Александр Ливергант: Власть бы эту любовь к Честертону с удовольствием приняла в том случае, если бы Честертона читали, как Вудхауза.
Николай Эппле: Почему Честертон становится по-другому интересен и перестает быть интересен в 2010-е годы? В 60-70-е годы он был интересен как человек, говорящий о добре и зле, у него эта тема есть везде. То есть парадокс как способ поговорить о добре и зле не в системе каких-то строгих координат, а просто завести этот разговор без привязки к католицизму, к какой-то социальной реальности, не идеологизированный разговор о добре и зле. Когда время изменилось, и стало не с чем бороться, появилось то, между чем гениально удерживает середину Честертон. Наталья Леонидовна как-то сказала, что он удерживает середину между искушением дурного порядка и дурной свободы. В 70-е была проблема с дурным порядком, а в 90-е стало понятно вдруг, что и со свободой все не так просто, и тут тоже есть чему к Честертона поучиться, у его консерватизма. А в 2010-е годы мы наблюдаем консервативный поворот, и религиозно окрашенный разговор начинает перехватываться, окрашиваться в мракобесные тона, тут с Честертоном очень трудно. В той ситуации, в которой мы живем, говорить об искушении свободой трудно, потому что эту тепу оккупировали те, с кем очень не хочется солидаризироваться.
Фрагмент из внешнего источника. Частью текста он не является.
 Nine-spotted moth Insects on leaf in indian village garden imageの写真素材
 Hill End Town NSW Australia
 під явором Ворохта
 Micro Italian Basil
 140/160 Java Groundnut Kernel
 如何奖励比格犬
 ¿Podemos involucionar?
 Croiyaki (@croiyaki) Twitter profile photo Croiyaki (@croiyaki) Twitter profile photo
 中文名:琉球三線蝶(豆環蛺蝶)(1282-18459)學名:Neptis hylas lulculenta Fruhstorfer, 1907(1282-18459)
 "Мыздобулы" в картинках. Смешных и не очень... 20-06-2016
Елена Фанайлова: Огромную эмпатию и следы его влияния я вижу у нескольких писателей, в том числе детективщиков, только мотивы уже другие зазвучали в творчестве этих писателей. Максим, а вам с Честертоном трудно или легко?
Максим Боксер: Мне легко, конечно. Я не могу сказать, что он со мной постоянно присутствует, но у меня бывают периоды, когда я к нему возвращаюсь. Возвращаюсь к тем вещам, которые хорошо знаю. Возникают какие-то серьезные мысли и ассоциации, но я наслаждаюсь просто самим текстом. И мне легко. Но, пожалуй, я его беру в какие-то трудные моменты, откуда-то извлекаю или он сам откуда-то появляется. Последние полгода он со мной немножко больше в связи с местной спецификой, но всегда с радостью его встречаю.
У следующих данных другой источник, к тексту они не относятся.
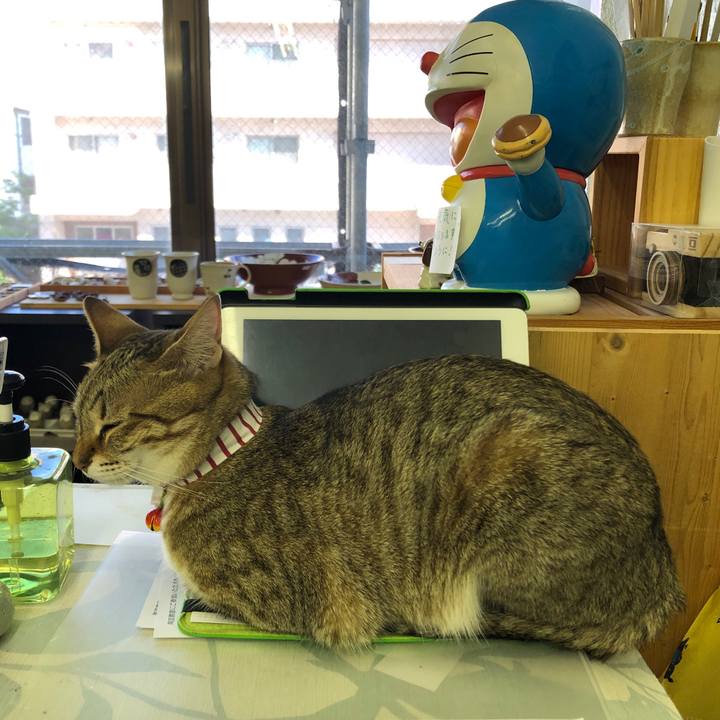 A4b1e4ca 0a57 4e80 b072 eae22888c1bb 1621863988068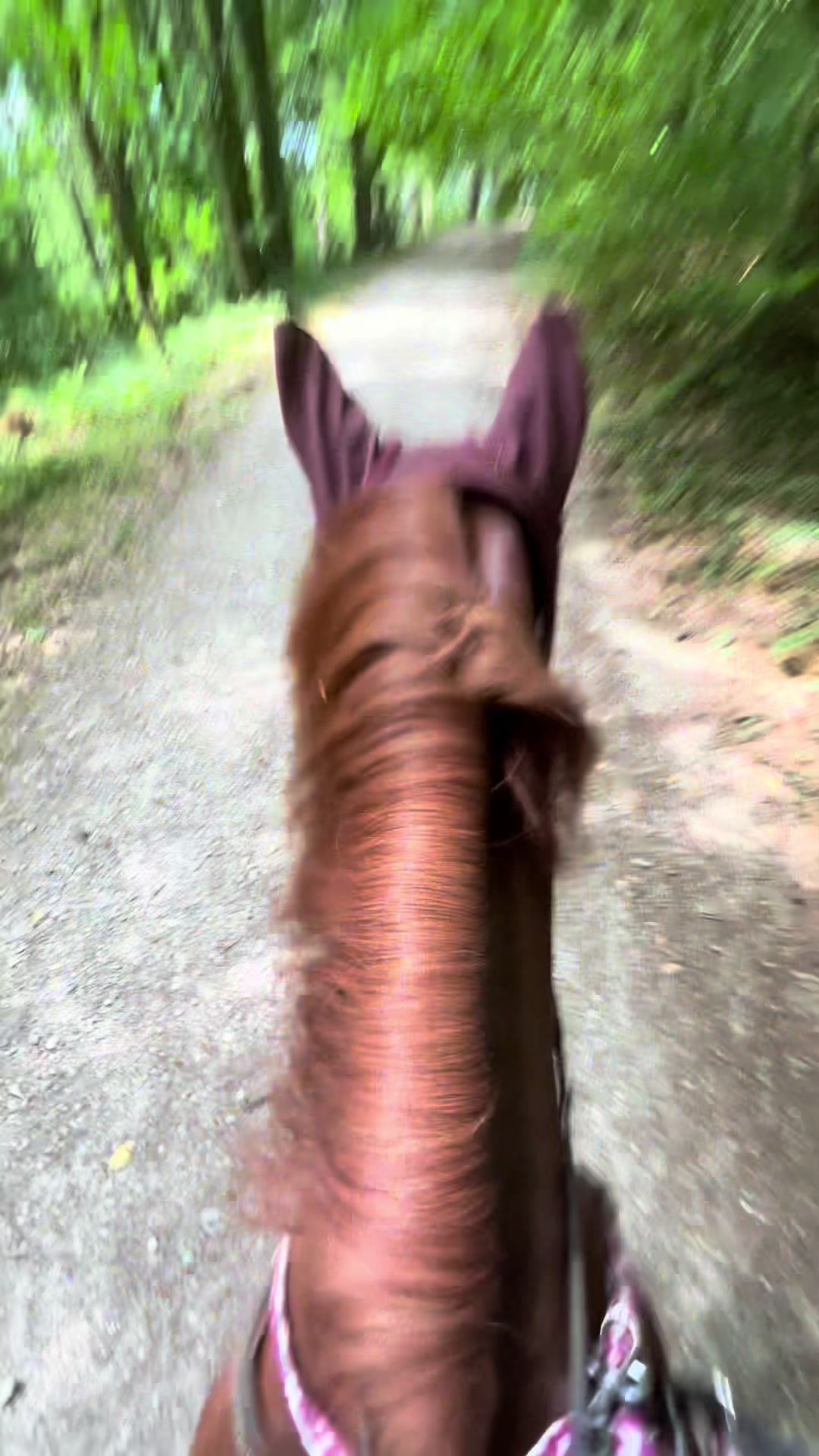 @_.coldblood.dressage_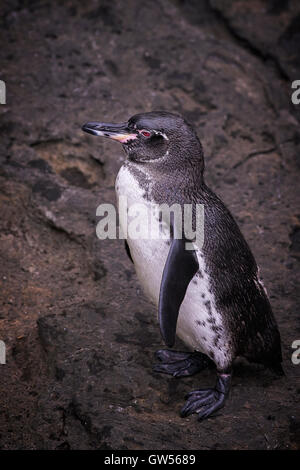 Le Galapagos Penguin (Spheniscus mendiculus) messa in pausa per un momento vicino alla linea di galleggiamento prima di dirigervi al pesce. Foto Stock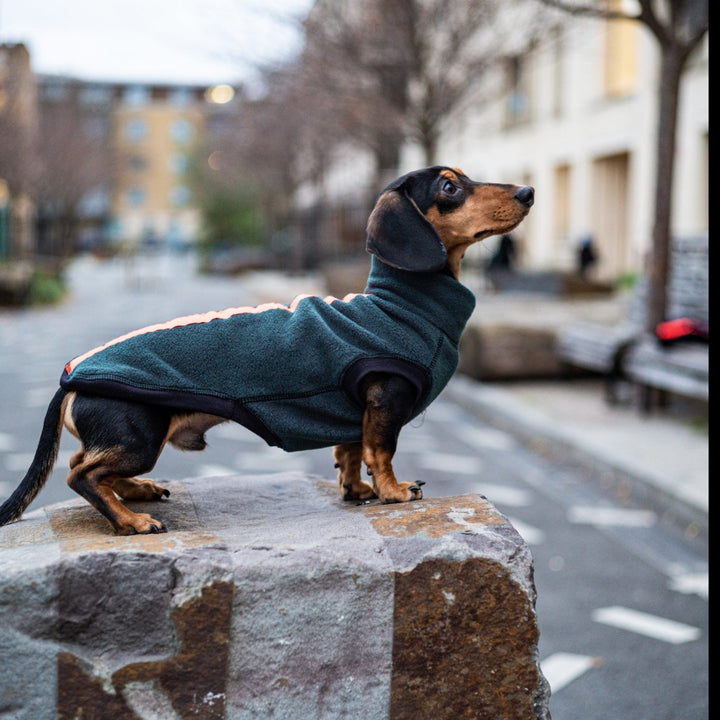 Dachshund wearing a forest green reflective jumper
Елена Фанайлова: А бывает так, что читаете что-то и – не согласен?
Максим Боксер: Конечно! Я только что читал книжку про развод, вновь изданную английским Обществом Честертона, и я не со всем согласен. (смеются) Кстати, по поводу портрета кота, в его память мы с Марией договорились проводить здесь заседания московского Клуба Честертона каждый второй вторник каждого месяца в пять часов. Всех приглашаем на чаепития Честертона.
Мария Чепайтите: В 2001 года мама, наконец, сформулировала, кто может быть членом Честертоновского клуба: "Член Честертоновского клуба либо пишет, либо проповедует, а иногда делает и то и другое сразу". Прибавлю, что он должен еще, быть может, рисовать. "Член Честертоновского клуба похож на персонажа Г.К.Честертона. Член Честертоновского клуба несерьезно относится к себе и к своему творчеству".
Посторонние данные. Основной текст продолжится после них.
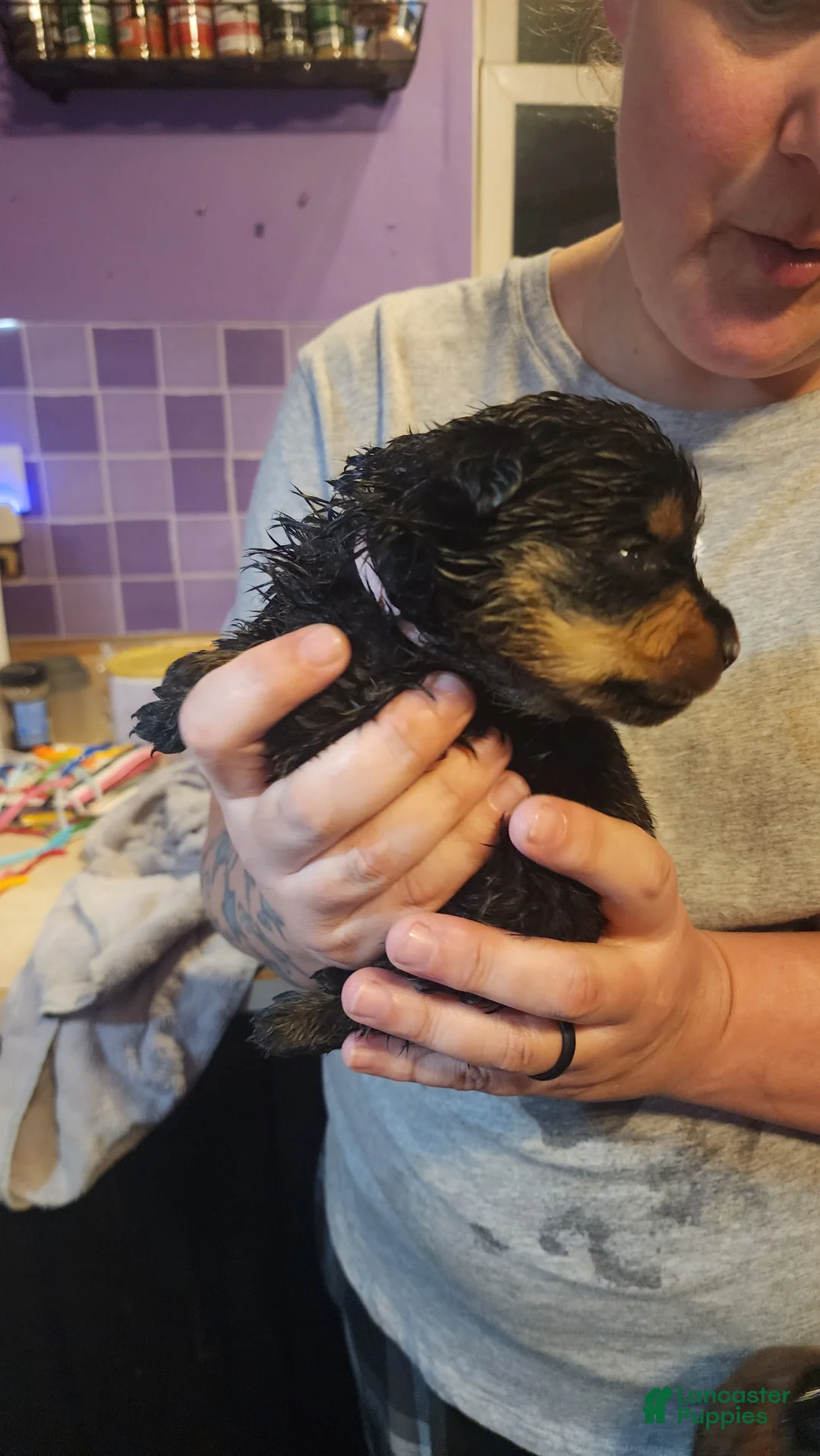 Rottweiler dogs for sale: Rottweiler Puppy 2 - Ad 1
Николай Эппле: У Честертона есть шанс стать не только вдохновителем этого клуба, но и, например, его святым покровителем, потому что несколько лет назад Ватикан инициировал процесс беатификации. Не в последнюю очередь это связано, кажется, что папа Франциск – большой любитель Честертона, и, в части, биографии Святого Франциска, написанной Честертоном.
Елена Фанайлова: Которую перевела Наталья Трауберг.
Николай Эппле: Кажется, беатификация уже произошла, но канонизация пока не произошла, это долгий процесс.